Born to government school teachers in the Nalanda district of Bihar, he studied in Navodaya school from 6th to 10th and moved to Patna to complete his higher secondary schooling. He appeared for IIT, but when failed to secure admission in the prestigious college, Kaushalendra decided to study at Indian Council of Agricultural Research, Junagadh, from where he completed graduation in agriculture. After graduation, he got a job in the agriculture sector with Israeli firms, and later he secured admission at IIM-Ahmedabad, where he topped the college but did not take a job with any MNC.
After obtaining a diploma in management from the top college of the country, he decided to enter the agriculture business and started Kaushalya foundation in 2008. He tried to connect the horticulture farmers, who used to sell their products to traders, directly to the market. The farmers sell their produce to traders at cheap rates who then sell the same crop in the market at very high rates. This harms the farmer as well as a consumer while the ‘middleman’ benefits in the whole process. Sometimes even middlemen lose due to lack of adequate infrastructure and storage facilities and therefore, to make farmers rich, it is essential to create agricultural infrastructure.
The Nitish Kumar led government has already repealed APMC act in 2006 and therefore it was allowed to sell the produce directly to the market. Kaushalendra started bringing the farmers together to sell their produce directly to the market, and today more than 35,000 farmers across six districts are part of his foundation.
“Several initiatives across the country are helping farmers through, say, solar energy provision or getting the farmers’ markets online. And I noticed that these are isolated programmes, though wonderful by themselves, do not make a farmer completely independent. I decided to integrate several initiatives instead of starting something unique myself,” he said.
“Our agenda was to help farmers optimise their income through fair means while offering the end-customer with the choicest of fresh vegetables and fruits,” he adds.
Today, the earning of Kaushalendra is in crores while that of farmers is in lakhs without any new innovation. All they have done is to capitalize on government schemes and cut the middlemen to directly reach the end-consumer. “We have also formed Farmer Producer Organisations (FPOs) wherein farmers form a group before selling their harvest. We have also formed five Mandis across Bihar which are owned by local communities.

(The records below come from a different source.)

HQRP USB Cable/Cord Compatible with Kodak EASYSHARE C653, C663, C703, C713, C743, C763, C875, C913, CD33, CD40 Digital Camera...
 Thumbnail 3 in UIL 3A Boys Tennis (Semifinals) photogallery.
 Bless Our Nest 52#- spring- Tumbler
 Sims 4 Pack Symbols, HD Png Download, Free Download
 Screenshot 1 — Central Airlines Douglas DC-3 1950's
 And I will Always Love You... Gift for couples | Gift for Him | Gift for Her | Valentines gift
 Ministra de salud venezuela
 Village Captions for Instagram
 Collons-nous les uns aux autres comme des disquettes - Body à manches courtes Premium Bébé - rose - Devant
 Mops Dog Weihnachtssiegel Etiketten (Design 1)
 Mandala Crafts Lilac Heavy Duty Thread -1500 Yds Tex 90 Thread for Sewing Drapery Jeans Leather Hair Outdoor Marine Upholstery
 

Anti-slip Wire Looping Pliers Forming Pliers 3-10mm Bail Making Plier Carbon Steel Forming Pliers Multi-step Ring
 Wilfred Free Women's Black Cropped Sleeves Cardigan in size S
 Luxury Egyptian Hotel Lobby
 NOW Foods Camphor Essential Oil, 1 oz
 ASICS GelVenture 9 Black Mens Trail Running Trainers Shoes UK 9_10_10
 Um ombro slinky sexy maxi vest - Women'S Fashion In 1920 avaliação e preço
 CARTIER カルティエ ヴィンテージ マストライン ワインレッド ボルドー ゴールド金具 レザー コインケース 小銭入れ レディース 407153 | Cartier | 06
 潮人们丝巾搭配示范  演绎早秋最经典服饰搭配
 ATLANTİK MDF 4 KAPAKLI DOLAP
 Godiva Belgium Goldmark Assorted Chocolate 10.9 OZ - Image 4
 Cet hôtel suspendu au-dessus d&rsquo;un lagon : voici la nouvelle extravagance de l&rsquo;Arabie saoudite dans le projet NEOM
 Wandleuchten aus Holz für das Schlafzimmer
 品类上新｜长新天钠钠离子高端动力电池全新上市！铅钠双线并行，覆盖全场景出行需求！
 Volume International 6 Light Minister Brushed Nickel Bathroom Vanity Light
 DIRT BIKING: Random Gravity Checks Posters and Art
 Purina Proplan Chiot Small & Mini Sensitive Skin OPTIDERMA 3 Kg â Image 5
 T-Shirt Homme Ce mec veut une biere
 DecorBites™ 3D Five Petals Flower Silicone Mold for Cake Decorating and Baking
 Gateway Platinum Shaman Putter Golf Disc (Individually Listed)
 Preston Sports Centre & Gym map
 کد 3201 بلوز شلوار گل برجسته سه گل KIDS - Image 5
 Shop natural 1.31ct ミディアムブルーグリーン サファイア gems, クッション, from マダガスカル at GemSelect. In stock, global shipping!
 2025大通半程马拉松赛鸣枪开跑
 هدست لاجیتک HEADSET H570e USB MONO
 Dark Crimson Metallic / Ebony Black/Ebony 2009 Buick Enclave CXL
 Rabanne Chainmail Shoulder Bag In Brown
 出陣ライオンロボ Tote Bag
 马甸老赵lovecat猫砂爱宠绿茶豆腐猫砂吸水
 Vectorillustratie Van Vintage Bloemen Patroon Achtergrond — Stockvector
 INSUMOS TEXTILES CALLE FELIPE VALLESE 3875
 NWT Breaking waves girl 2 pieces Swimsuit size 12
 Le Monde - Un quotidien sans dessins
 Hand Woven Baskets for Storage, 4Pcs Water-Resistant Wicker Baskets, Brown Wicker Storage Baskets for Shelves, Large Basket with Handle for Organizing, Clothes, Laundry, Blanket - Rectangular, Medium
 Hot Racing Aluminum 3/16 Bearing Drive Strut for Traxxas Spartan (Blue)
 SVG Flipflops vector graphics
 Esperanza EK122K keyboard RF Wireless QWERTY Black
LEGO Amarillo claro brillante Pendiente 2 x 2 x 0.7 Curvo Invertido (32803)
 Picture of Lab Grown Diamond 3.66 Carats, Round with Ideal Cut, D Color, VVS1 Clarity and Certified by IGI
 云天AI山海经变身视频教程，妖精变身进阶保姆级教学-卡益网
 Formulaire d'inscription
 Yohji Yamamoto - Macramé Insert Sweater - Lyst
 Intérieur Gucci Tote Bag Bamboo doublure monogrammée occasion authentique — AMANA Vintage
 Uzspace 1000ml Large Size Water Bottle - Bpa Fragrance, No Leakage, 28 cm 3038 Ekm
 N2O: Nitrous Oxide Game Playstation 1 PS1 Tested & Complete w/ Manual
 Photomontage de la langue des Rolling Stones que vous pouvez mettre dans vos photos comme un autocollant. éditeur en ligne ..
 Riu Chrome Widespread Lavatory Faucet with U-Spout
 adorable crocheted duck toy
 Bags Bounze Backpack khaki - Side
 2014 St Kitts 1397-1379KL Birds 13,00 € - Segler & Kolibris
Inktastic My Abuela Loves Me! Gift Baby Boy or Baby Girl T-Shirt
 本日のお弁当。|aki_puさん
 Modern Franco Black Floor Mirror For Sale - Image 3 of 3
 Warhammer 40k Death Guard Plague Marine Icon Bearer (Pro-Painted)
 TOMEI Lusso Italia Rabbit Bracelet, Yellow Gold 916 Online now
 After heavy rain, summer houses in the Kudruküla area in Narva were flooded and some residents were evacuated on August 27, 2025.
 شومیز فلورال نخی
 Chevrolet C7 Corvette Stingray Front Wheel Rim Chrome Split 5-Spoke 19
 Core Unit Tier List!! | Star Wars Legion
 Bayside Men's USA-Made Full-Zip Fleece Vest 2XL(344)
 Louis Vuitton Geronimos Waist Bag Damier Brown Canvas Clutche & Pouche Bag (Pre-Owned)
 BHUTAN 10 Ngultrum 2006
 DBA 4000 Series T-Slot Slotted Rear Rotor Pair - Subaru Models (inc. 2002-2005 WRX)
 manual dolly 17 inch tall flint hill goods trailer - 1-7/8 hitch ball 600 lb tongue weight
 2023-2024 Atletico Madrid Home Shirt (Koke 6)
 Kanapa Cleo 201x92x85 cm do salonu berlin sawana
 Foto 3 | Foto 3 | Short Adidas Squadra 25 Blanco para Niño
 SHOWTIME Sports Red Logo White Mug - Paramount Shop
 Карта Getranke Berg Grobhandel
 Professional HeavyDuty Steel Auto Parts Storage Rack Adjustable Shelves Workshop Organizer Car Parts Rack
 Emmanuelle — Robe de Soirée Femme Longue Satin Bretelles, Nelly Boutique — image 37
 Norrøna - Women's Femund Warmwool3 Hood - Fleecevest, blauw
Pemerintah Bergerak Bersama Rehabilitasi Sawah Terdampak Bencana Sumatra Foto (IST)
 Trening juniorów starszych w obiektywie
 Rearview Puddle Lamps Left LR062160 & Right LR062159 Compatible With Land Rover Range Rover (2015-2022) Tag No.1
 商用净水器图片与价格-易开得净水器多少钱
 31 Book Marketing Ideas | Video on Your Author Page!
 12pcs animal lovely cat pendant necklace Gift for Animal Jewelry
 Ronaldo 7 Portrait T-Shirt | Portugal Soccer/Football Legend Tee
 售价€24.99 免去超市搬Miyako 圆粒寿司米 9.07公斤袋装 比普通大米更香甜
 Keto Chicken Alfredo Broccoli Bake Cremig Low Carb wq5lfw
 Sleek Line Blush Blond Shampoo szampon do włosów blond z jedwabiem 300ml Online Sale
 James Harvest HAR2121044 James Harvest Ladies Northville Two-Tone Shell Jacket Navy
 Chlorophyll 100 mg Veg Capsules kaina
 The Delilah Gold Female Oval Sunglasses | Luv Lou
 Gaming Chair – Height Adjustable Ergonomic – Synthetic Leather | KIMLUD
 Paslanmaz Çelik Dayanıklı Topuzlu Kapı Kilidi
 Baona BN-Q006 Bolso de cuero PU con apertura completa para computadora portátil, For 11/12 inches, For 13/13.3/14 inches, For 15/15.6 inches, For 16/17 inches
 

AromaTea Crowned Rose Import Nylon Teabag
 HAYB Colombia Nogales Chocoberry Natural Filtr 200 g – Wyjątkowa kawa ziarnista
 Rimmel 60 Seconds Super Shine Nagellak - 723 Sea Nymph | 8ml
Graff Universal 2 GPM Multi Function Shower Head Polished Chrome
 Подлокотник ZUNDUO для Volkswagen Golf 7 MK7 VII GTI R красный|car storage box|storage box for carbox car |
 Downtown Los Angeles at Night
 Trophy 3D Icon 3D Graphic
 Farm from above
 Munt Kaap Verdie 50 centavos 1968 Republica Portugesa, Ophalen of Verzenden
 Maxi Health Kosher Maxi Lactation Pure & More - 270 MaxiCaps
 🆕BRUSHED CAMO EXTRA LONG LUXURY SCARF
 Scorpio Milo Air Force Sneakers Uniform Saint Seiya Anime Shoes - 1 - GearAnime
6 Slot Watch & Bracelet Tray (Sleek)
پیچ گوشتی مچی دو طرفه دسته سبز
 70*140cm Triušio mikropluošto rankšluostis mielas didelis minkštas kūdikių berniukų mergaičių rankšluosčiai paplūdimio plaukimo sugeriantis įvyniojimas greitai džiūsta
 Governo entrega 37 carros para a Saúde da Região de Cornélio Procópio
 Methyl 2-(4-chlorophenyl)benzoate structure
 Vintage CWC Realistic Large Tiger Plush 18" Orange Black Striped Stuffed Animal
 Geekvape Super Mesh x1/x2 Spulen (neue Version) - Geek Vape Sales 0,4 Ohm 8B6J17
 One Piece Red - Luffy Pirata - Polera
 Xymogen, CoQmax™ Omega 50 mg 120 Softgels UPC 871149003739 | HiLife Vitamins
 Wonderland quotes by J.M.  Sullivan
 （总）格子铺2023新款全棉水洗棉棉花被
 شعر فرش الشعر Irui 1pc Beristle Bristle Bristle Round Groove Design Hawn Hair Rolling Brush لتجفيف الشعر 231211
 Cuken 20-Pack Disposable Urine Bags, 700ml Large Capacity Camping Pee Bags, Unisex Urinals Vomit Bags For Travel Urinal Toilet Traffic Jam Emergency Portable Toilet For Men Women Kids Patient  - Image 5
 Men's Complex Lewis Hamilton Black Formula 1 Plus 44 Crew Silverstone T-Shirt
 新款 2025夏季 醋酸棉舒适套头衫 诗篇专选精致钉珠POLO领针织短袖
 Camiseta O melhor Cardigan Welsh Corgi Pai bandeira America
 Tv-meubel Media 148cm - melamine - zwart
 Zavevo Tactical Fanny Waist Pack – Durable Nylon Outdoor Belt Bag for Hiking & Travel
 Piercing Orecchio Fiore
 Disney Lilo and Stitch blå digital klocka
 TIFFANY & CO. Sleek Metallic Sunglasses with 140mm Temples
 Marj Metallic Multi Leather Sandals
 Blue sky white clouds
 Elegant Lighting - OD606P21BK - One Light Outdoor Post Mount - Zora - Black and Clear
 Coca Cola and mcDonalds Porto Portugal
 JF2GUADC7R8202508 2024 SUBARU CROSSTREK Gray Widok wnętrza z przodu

Farmers can sell their produce directly in these Mandis, cutting the need for middle-men,” says Kaushlendra.
A few weeks ago, the Modi government introduced three farmer bills to cut the bureaucrats and middlemen from the agricultural sector and link farmers directly to the market. What the Modi government is trying to do is to provide an opportunity for thousands of Kaushlendra across the country who could liberate the farmers and themselves from poverty.
The three bills would free-up the farmers to sell the produce directly in the market, minimize the government power to regulate the stocks of essential commodities which includes various agricultural products, and formalize contract farming. These bills would cut the ‘middlemen’ and improve farmer’s income, but, the opposition including Congress which promised to introduce the same reforms, are now opposing these bill and misinforming them for their petty politics.